Information provided:
◆ ◆ ◆ ◆ ◆ ◆ ◆

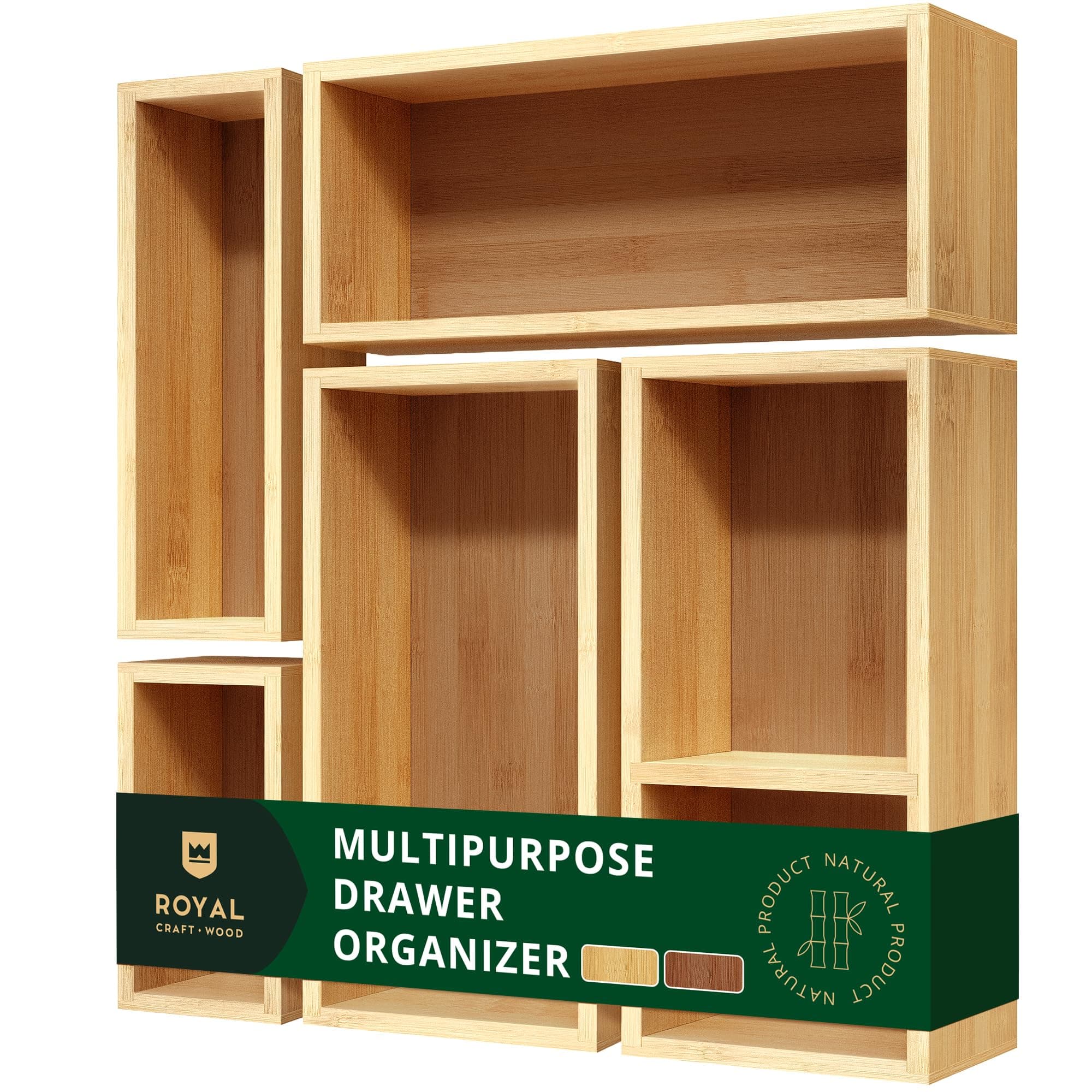 Luxury Bamboo Drawer Organizer Storage Box/Bin Set - Multi-Use Drawer Organizer for Kitchen, Bathroom, Office Desk, Makeup, Jewelry (5 Boxes)
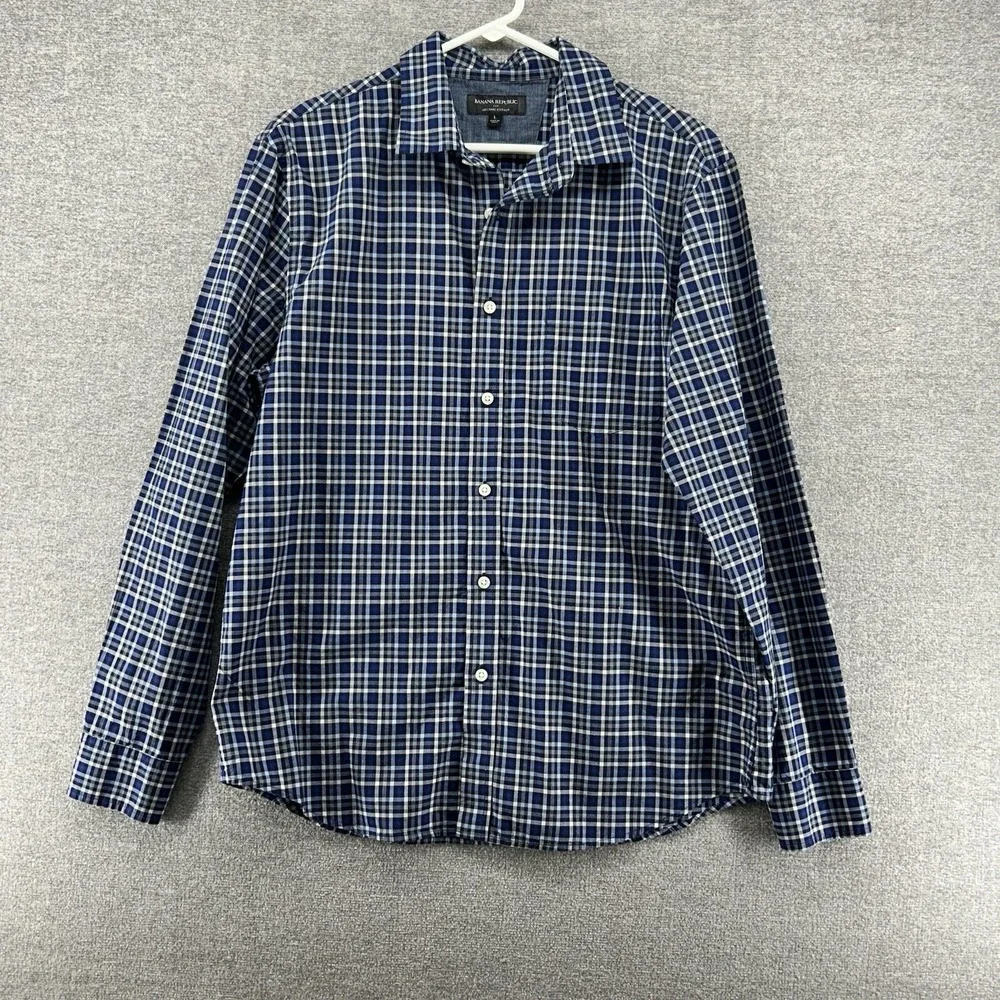 Banana Republic Shirt Men Size Large 100% Organic Cotton Plaid Long Sleeve‎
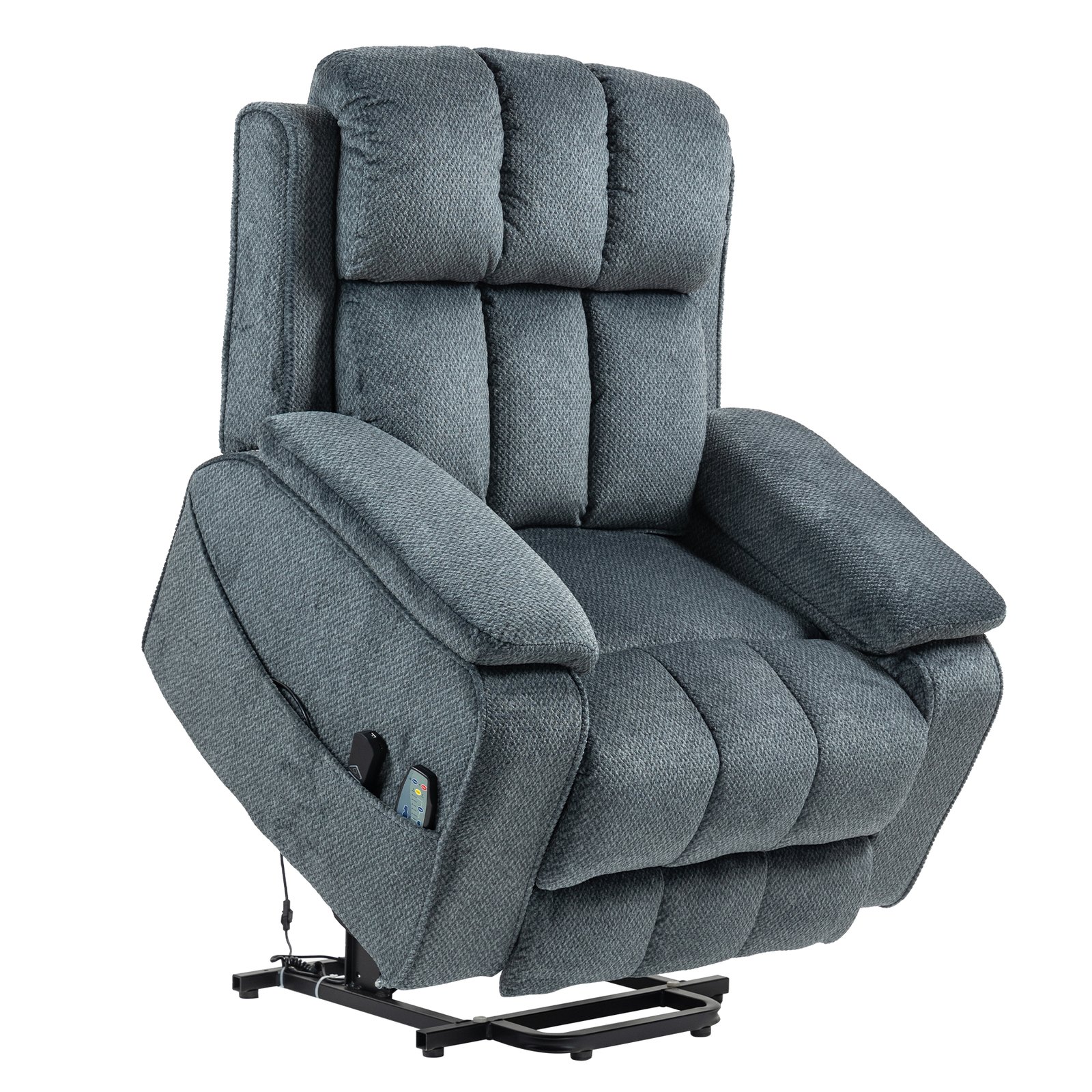 RHHVVR Oversized Lay Flat Recliner for Adults, Large Power Lift Recliner Chair with Extended Footrest, Electric Massage Living Room Sofa Chair, Side Storage Box Cup Holder, Blue Grey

◆ ◆ ◆ ◆ ◆ ◆ ◆

Task objective: Write out, exactly and only, the lines from the one containing "Banana Republic Shirt" through the last line of the material above. Pictures do not go in the copy.

Solution below:
 Banana Republic Shirt Men Size Large 100% Organic Cotton Plaid Long Sleeve‎
 RHHVVR Oversized Lay Flat Recliner for Adults, Large Power Lift Recliner Chair with Extended Footrest, Electric Massage Living Room Sofa Chair, Side Storage Box Cup Holder, Blue Grey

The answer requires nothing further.